For those of us who enjoy exercise, sometimes we don’t have time to make a meal out of it. Sometimes, an “exercise snack” has to suffice.
For those who say a lack of time means they never make a meal out of it – about 40 per cent of Australian adults – these “snacks” are a way to start sneaking the benefits of exercise into their day.
The question for researchers trying to tackle the lack of time excuse, and help the 60 per cent of adults who don't move enough, is how small a snack will satiate our body’s exercise needs?
The Canadian researchers who brought us the six-minute workout and then the one-minute workout, have found that a 20-second exercise “snack” done several times a day leads to measurable health and fitness benefits.
For the study, published in the journal Applied Physiology, Nutrition, and Metabolism, 12 sedentary students were asked to sprint a 60-step flight of stairs – a task that took about 20 seconds – three times a day, with one to four hours' break between each set. Before each set, they did a dynamic warm-up consisting of 10 jumping-jacks, 10 air squats and five lunges on each side, and afterwards they did a one-minute walking cooldown.
After six weeks, the participants showed a significant 5 per cent increase in aerobic fitness, compared to a sedentary control group.
A previous study by the same researchers found that those who did the three “snacks” in quick succession with only a short recovery in between (as opposed to the group that took longer breaks) had about double the aerobic fitness, which equated to a 13 per cent lower mortality risk and 15 per cent lower risk of cardiovascular disease.
So although the 20-second snacks are beneficial, lead researcher Martin Gibala of McMaster University in Ontario says it would still be better to do the three sets of sprints in one session.
“That approach requires about 10 minutes in total, which is still a very small time commitment,” Gibala notes, adding that although people say they lack the time to exercise, most are choosing to spend their time elsewhere.
Australian adults spend an average of 13 hours a week watching television, for instance, and about seven hours a day on electronic devices.

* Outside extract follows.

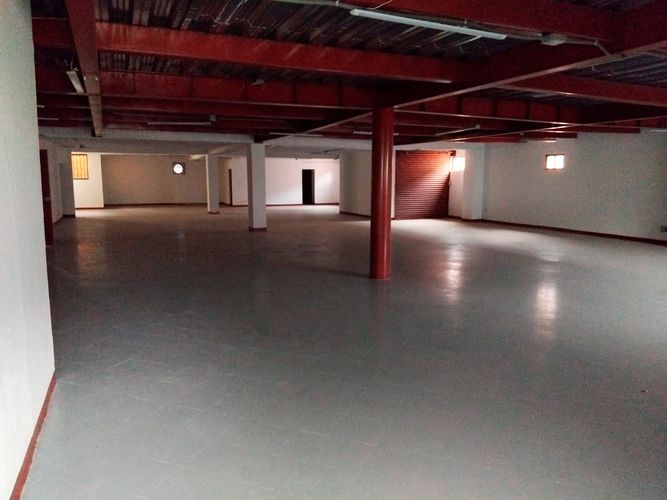 Bodega en arriendo en Caribe, Medellín, 530 m² · foto 9 de 13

“I do think a benefit of studies like our recent effort is to remind people that ‘exercise’ does not have to involve changing into spandex, going to the gym, and requiring an hour time commitment,” says Gibala, stressing that the “snacks” are a good place to start but do not replace the exercise guidelines nor do they provide the same benefits as a more robust routine.
“It’s about working physical activity into your day, and there are countless ways to fit it into our lives in practical ways that do not demand much time, and even this can provide health and fitness benefits.”
Emmanuel Stamatakis is a professor of physical activity, lifestyle and population health at the University of Sydney.
He says that it is a very timely study, particularly given that the recently revised US Physical Activity Guidelines abandoned the 10-minute exercise minimum.
Stamatakis adds that “exercise snacks” are appropriate and achievable for most adults, regardless of their fitness.
“Most people can walk up a few flights of stairs daily, do a few ‘walking sprints’ or park their car a bit further away and carry their groceries for some 50 to 100 metres or so,” he says.
“It is impressive to see how such a low dose of exercise over a short period of time has [such] rapid effects on fitness, one could speculate that if such an activity pattern was maintained long term it would have much more dramatic effects.”
In a paper due to be published in the British Journal of Sports Medicine in February, Stamatakis and his colleagues argue that for those who are overweight or unfit (that is, the majority of Australian adults) “huffing and puffing” regularly through intense incidental activity – which could mean climbing stairs, walking uphill, walking briskly on a level surface or running and playing with children – is a valid way to keep healthy and fit.
Gibala says that there are a host of complex behavioural reasons why people don’t make time to move but finding ways to help them start is important and necesary to reduce the epidemic of chronic disease and obesity, while improving social and emotional health and wellbeing.
“For those who are quite sedentary and just starting out, it is such an emotional gulf to think about getting to the recommended 150 minutes per week of activity,” Gibala says. “The message is, start small and every bit counts.”